:: What to do ::
For this exercise, restate word for word only the lines from the first line of the data to the line containing "Charleston 3-Seater Recliner".

:: Data section ::
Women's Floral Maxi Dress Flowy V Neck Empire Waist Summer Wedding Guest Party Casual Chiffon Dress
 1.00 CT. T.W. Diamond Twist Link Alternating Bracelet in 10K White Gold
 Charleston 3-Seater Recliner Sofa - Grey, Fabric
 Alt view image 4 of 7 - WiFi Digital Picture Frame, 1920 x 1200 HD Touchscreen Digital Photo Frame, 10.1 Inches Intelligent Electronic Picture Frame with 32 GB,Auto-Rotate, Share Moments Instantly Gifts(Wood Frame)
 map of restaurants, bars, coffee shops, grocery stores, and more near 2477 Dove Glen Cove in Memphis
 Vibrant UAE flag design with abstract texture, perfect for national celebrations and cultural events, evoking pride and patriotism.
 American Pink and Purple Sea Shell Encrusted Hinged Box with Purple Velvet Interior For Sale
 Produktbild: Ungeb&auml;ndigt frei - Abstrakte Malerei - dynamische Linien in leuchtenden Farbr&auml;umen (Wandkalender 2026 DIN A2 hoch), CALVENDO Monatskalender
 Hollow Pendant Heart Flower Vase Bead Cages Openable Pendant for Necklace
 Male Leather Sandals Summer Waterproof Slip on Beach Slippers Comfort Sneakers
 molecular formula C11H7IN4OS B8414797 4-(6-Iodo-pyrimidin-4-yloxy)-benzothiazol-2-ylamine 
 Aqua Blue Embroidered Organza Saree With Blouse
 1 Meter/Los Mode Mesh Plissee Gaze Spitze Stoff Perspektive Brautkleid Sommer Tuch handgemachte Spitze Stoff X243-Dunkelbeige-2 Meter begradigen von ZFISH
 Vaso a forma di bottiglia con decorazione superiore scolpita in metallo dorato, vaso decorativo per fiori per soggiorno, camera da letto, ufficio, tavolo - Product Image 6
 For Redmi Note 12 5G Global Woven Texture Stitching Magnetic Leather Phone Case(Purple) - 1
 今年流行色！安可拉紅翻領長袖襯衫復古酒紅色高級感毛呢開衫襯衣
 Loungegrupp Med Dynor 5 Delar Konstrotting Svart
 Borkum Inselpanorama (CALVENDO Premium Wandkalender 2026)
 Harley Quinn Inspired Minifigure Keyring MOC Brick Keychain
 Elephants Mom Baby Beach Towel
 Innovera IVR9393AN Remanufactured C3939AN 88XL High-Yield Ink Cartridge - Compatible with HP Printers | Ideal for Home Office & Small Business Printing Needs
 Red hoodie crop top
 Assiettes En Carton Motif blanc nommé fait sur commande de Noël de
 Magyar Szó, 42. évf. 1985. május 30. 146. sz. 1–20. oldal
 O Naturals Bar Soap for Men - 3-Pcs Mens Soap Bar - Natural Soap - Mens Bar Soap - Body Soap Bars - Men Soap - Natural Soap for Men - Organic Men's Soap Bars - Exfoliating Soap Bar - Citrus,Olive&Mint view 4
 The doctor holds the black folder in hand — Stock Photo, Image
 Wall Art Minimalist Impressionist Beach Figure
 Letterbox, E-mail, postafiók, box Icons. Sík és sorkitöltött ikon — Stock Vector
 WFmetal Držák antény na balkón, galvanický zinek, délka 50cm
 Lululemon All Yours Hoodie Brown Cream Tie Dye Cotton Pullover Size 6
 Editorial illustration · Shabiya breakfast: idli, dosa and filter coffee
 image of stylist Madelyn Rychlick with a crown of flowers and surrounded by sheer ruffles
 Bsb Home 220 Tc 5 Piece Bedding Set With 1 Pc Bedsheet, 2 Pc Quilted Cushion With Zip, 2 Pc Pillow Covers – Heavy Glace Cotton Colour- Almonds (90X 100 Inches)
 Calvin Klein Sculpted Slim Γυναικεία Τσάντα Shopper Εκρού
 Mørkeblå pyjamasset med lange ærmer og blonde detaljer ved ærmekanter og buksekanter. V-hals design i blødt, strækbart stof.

:: Answer space ::
Women's Floral Maxi Dress Flowy V Neck Empire Waist Summer Wedding Guest Party Casual Chiffon Dress
 1.00 CT. T.W. Diamond Twist Link Alternating Bracelet in 10K White Gold
 Charleston 3-Seater Recliner Sofa - Grey, Fabric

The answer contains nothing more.